Bi-Encoders vs Cross-Encoders: Choosing the Right Architecture for Semantic Search
Deep dive into bi-encoder and cross-encoder architectures for semantic similarity. Learn the trade-offs, implementation patterns, and when to use each approach in RAG systems and search applications.
When building semantic search, RAG systems, or recommendation engines, one architectural decision will fundamentally shape your system's performance: should you use bi-encoders or cross-encoders? The answer isn't straightforward - each architecture makes different trade-offs between speed and accuracy that matter enormously at scale.
Bi-encoders can search through millions of documents in milliseconds but may miss nuanced relevance. Cross-encoders capture subtle semantic relationships with remarkable accuracy but can't scale beyond a few hundred comparisons per query. Understanding when to use each - and how to combine them - is essential for building production-grade semantic systems.
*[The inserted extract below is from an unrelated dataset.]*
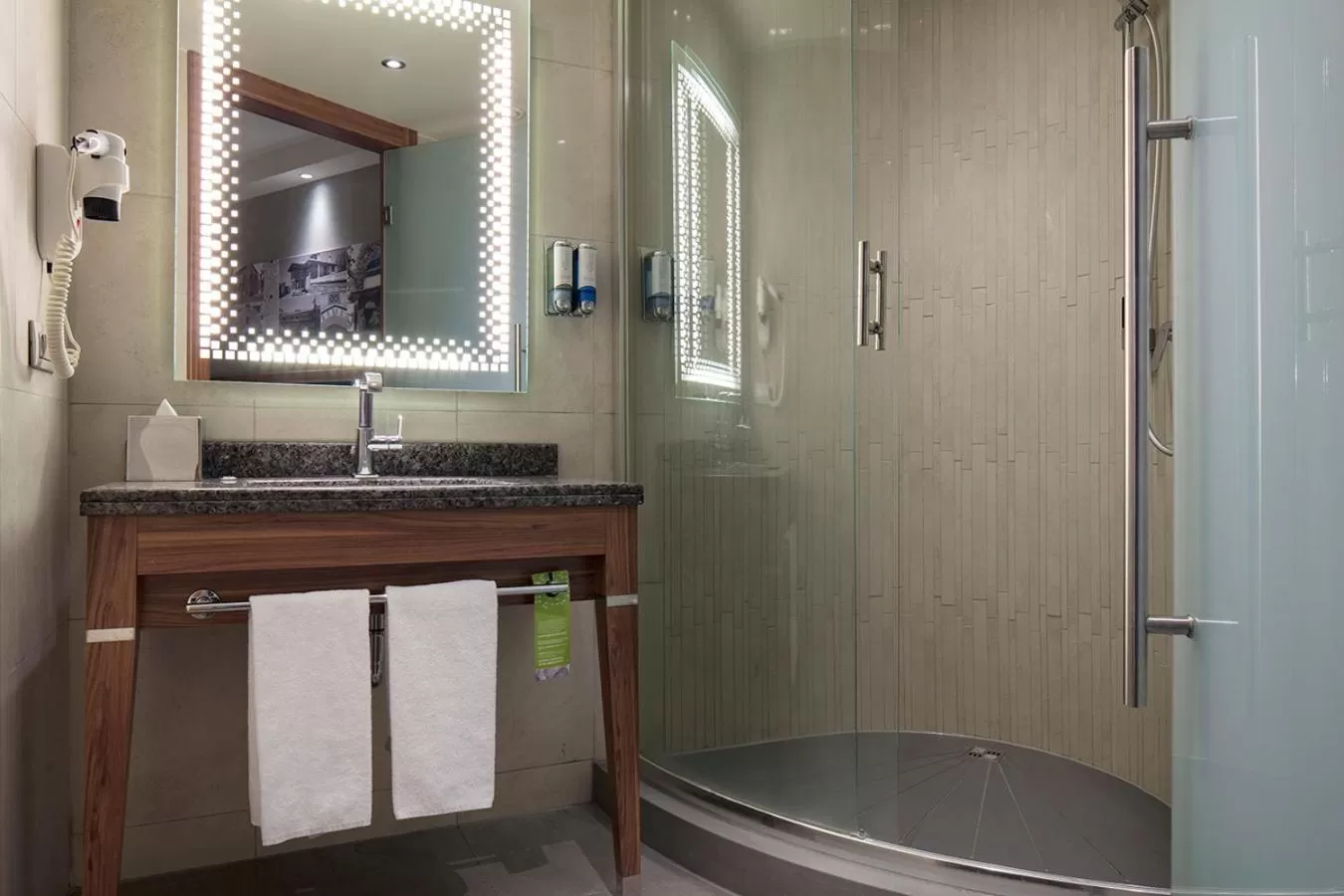 Queen Room with Sofa Bed - Non-Smoking in Hampton By Hilton Bursa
This guide explains both architectures from first principles, compares their characteristics, and shows you how to implement the two-stage retrieval pattern that powers modern search systems at companies like Google, Microsoft, and OpenAI.
Key Takeaways
- Bi-encoders pre-compute embeddings for millisecond search across millions of documents
- Cross-encoders process query-document pairs together for higher accuracy but cannot scale
- Two-stage retrieval (bi-encoder retrieve, cross-encoder rerank) is the production standard
- Retrieve 50-200 candidates with bi-encoder, rerank top 10-20 with cross-encoder
- Fine-tuning on domain data typically improves both architectures by 10-20%
- Choose pre-trained models based on your language, accuracy needs, and latency budget
- Hybrid search combining BM25 keyword matching with semantic search often outperforms either alone
The Core Problem: Semantic Similarity at Scale
Traditional keyword search fails when users express the same concept differently. A search for "how to fix a slow laptop" won't match a document titled "Speed up your computer performance" despite being semantically identical. Semantic search solves this by comparing meaning rather than words.
But here's the challenge: to find semantically similar documents, you need to compare your query against every document in your corpus. With millions of documents, this becomes computationally intractable - unless you're clever about how you structure the comparison.
This is where bi-encoders and cross-encoders diverge. They represent two fundamentally different approaches to the same problem:
Bi-Encoder Approach
"Encode everything once, compare embeddings fast"
- • Pre-compute document embeddings
- • Store in vector database
- • Compare query embedding to all docs
- • Millisecond retrieval at any scale
Cross-Encoder Approach
"Consider query and document together for precision"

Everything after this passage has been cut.